Myślę, że uprali się na niego ze względu na wzrost i aspekty siłowe. Lech w zeszłym sezonie był za bardzo kurduplowaty, co było problemem przy SFG. Dodaj do tego van der Harta, który ponoć nie jest zbyt mocny w tym aspeckie i wychodzi nam, że te dodatkowe cm w polu karnym będą bardzo potrzebne. A podobno Karlo bardzo dobrze gra głową też w ataku, więc liczę, że da nam trochę radości przy idealnych wrzutkach Jevticia.
A swoją drogą, z dużym rozrzewnieniem wspominam Tomka Bandrowskiego. Sezony 08/09 i 09/10 naprawdę były w jego wykonaniu świetne. Czasem zastanawia mnie jak mocno zapomniany został, a miał spory wpływ na mistrzostwo. Jedna z lepszych 6/8 w XXI wieku. Dziś sprawdziłem jego profil. Od 4 lat na emeryturze piłkarskiej, a facet ma dopiero 34 lata! Szkoda, że zdrowie nie pozwoliło mu dłużej pograć, gdyby było lepsze, pewnie dalej by kopał minimum na poziomie esy.
Wzrost i siła to na pewno atuty Muhara ale myślę, że znalezienie kogoś kto potrafi jeszcze zrobić coś ciekawego z piłką nie było ponad możliwości Lecha.
Co do Bandrowskiego, któż nie ma do niego sentymentu?
Każdy z naszych zawodników ma jakieś mankamenty i Amaral też ale jak pokazały pierwsze mecze o pierwszą jedenastkę nie będzie mu wcale tak łatwo, a to na pewno dla niego na plus bo będzie musiała powalczyć i pokazać coś więcej, bo mam wrażenie, ze jest typem zawodnika który jak coś dostaje na tacy to wówczas mało daje od siebie. Amaral ma tą nietuzinkowość, że czasem zagra coś nietuzinkowego, coś na przełamanie co może być przydatne w meczach w których drużynie nie idzie.

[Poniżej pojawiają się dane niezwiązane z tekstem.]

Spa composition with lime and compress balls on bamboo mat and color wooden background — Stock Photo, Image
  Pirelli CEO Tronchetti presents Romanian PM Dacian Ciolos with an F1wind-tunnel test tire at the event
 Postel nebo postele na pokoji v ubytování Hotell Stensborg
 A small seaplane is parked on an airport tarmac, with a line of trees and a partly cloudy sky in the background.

Czego Szanowne Koledztwo się pulta…?!
Poznamy nazwisko to zaczniemy się zastanawiać… i dyskutować…
Będzie dzisiaj „na chłodno”?
Może nie być. Nie ma kto dokończyć tekstu. W takiej sytuacji byłoby za tydzień obejmujące dwa mecze.
wątpię w transfer Gumnego tego lata, za tydzień lub dwa startują wszystkie najlepsze europejskie ligi, kadry poważnych klubów pewnie są już skompletowane, Gumny trafiłby tam jako zapchaj dziura,
ewentualnie komuś coś się wysypało, kontuzje, słaba forma w sparingach jednego z obrońców, lub inny powód,
Niby tak ale Linetty trenował z Sampdorią z dwa dni ,a w weekend wyszedł w 1 składzie o ile się nie mylę.
Ale On sam bardzo chce odejść.. Kasa misiu kasa
Może Gumnego sprzedadzą a oni postąpią jak z Zurkowskim wypożycza go do nas
tylko wtedy cena może być niższa,
nowy transfer to bardziej uzupełnienie składu, na lewej stronie i środku obrony są zastępcy, drugiego prawego obrońcy nie mamy, a jest jeszcze Puchar Polski,
No chyba że leśni nas zaskoczą i Gumny zostanie.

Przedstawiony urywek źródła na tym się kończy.